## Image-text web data
================================

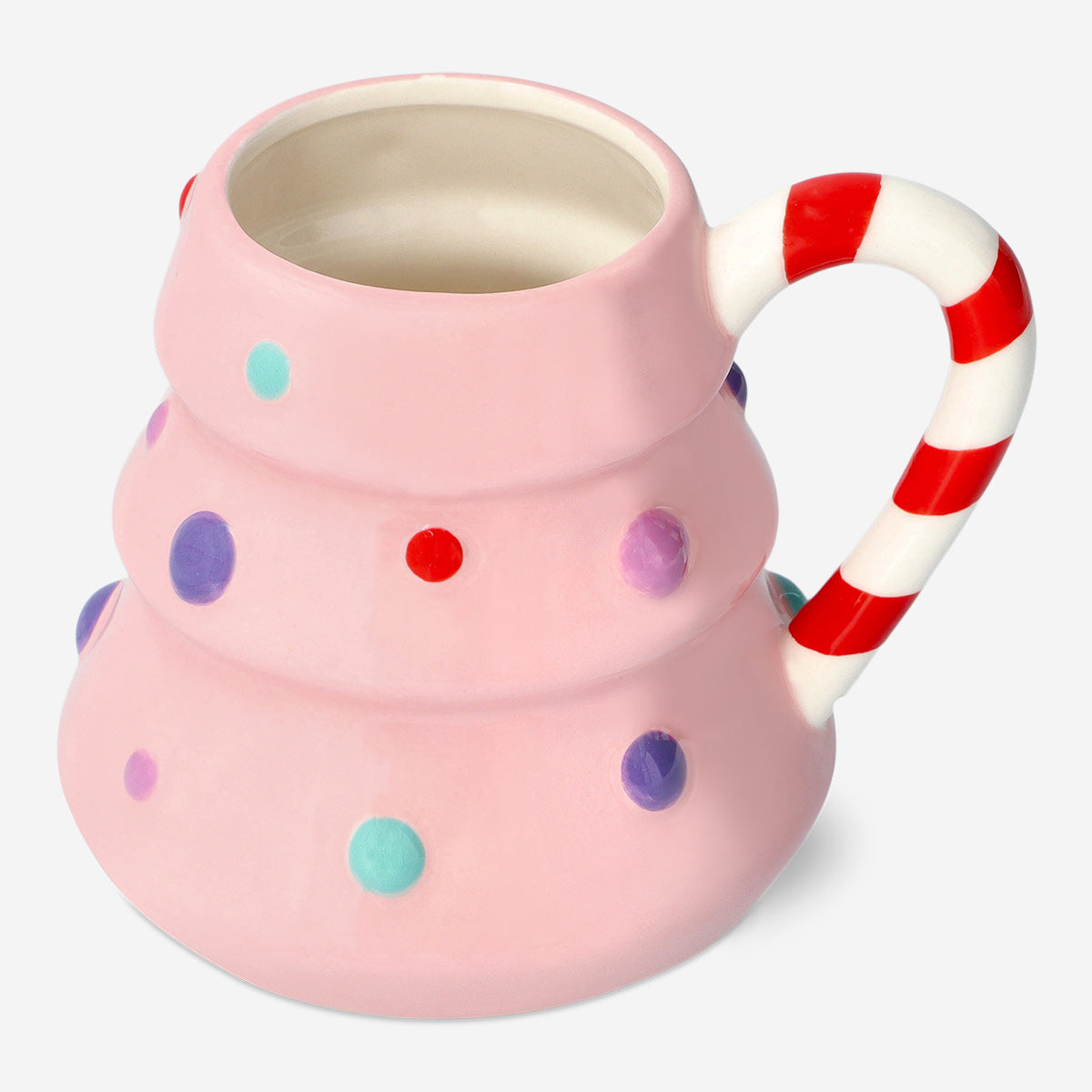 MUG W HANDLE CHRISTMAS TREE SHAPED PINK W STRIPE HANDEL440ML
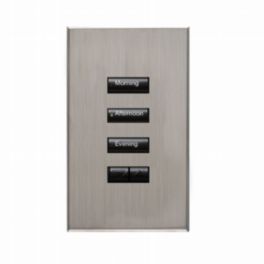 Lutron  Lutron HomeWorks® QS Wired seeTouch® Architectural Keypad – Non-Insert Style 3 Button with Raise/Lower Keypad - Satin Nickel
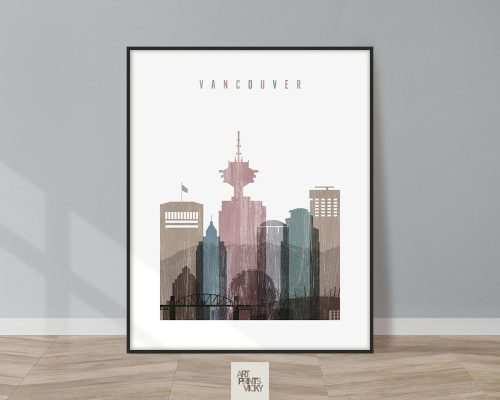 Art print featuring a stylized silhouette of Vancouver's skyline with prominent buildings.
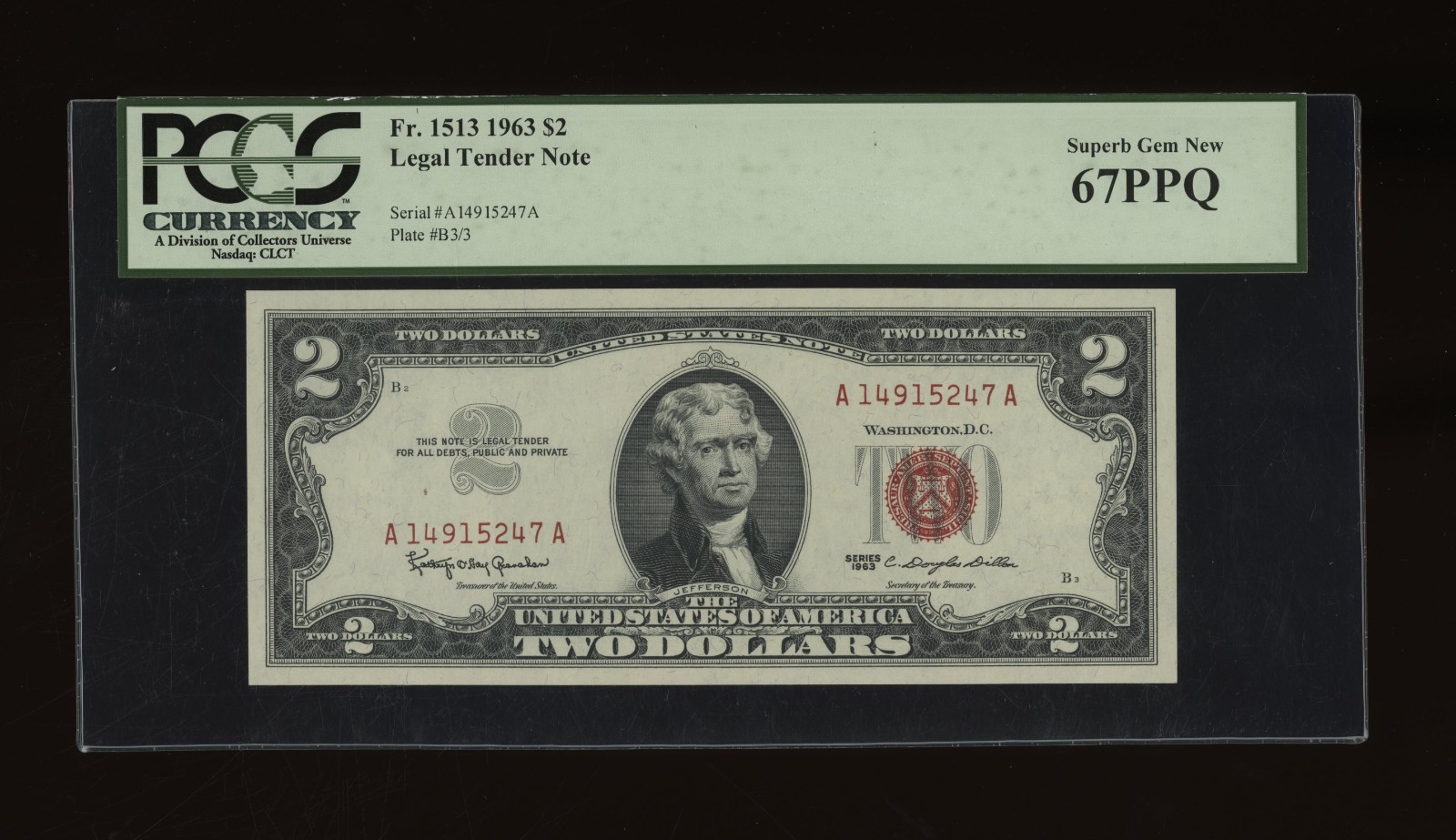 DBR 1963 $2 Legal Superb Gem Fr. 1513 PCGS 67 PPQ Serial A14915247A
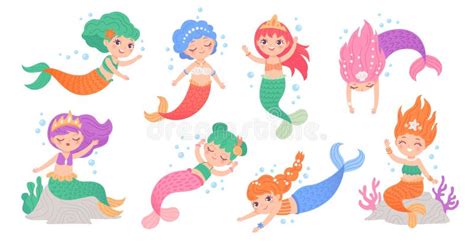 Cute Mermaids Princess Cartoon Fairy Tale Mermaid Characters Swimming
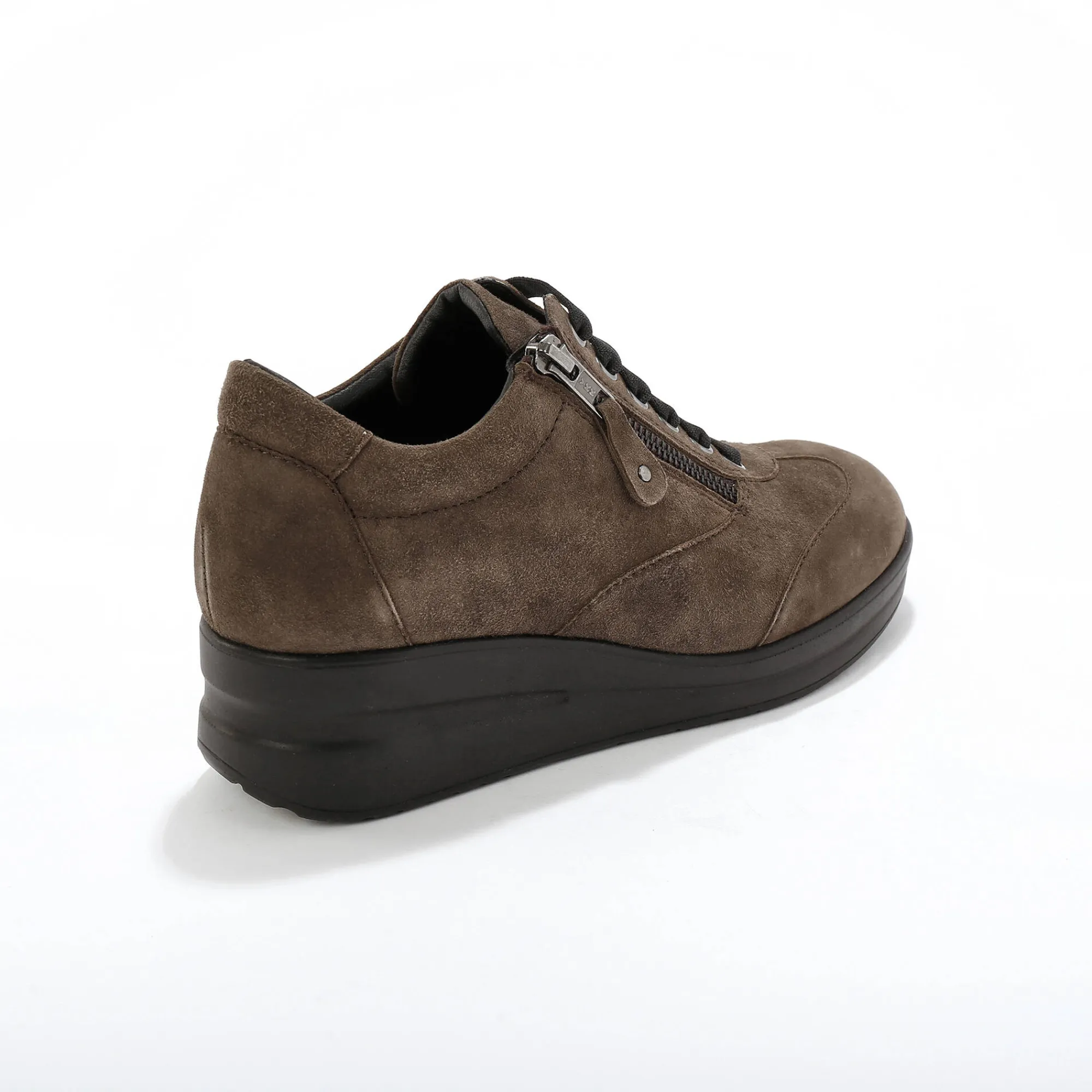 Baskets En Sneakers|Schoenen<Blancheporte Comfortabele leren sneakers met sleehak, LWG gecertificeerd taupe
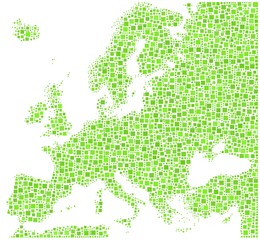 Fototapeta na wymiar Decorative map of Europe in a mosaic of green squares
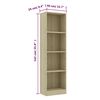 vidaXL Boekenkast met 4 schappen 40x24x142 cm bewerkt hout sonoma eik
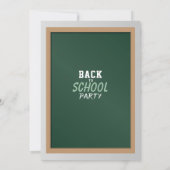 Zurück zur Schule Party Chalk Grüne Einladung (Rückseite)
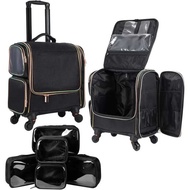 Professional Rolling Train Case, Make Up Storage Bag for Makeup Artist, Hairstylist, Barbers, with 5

================================

## TASK BRIEF
From the records above, transcribe only the stretch from the line with "- Satin Nickel" through the line with "Fototapeta na wymiar", keeping both ends. Omit pictures.

## WRITTEN ANSWER
 Lutron  Lutron HomeWorks® QS Wired seeTouch® Architectural Keypad – Non-Insert Style 3 Button with Raise/Lower Keypad - Satin Nickel
 Art print featuring a stylized silhouette of Vancouver's skyline with prominent buildings.
 DBR 1963 $2 Legal Superb Gem Fr. 1513 PCGS 67 PPQ Serial A14915247A
 Cute Mermaids Princess Cartoon Fairy Tale Mermaid Characters Swimming
 Baskets En Sneakers|Schoenen<Blancheporte Comfortabele leren sneakers met sleehak, LWG gecertificeerd taupe
 Fototapeta na wymiar Decorative map of Europe in a mosaic of green squares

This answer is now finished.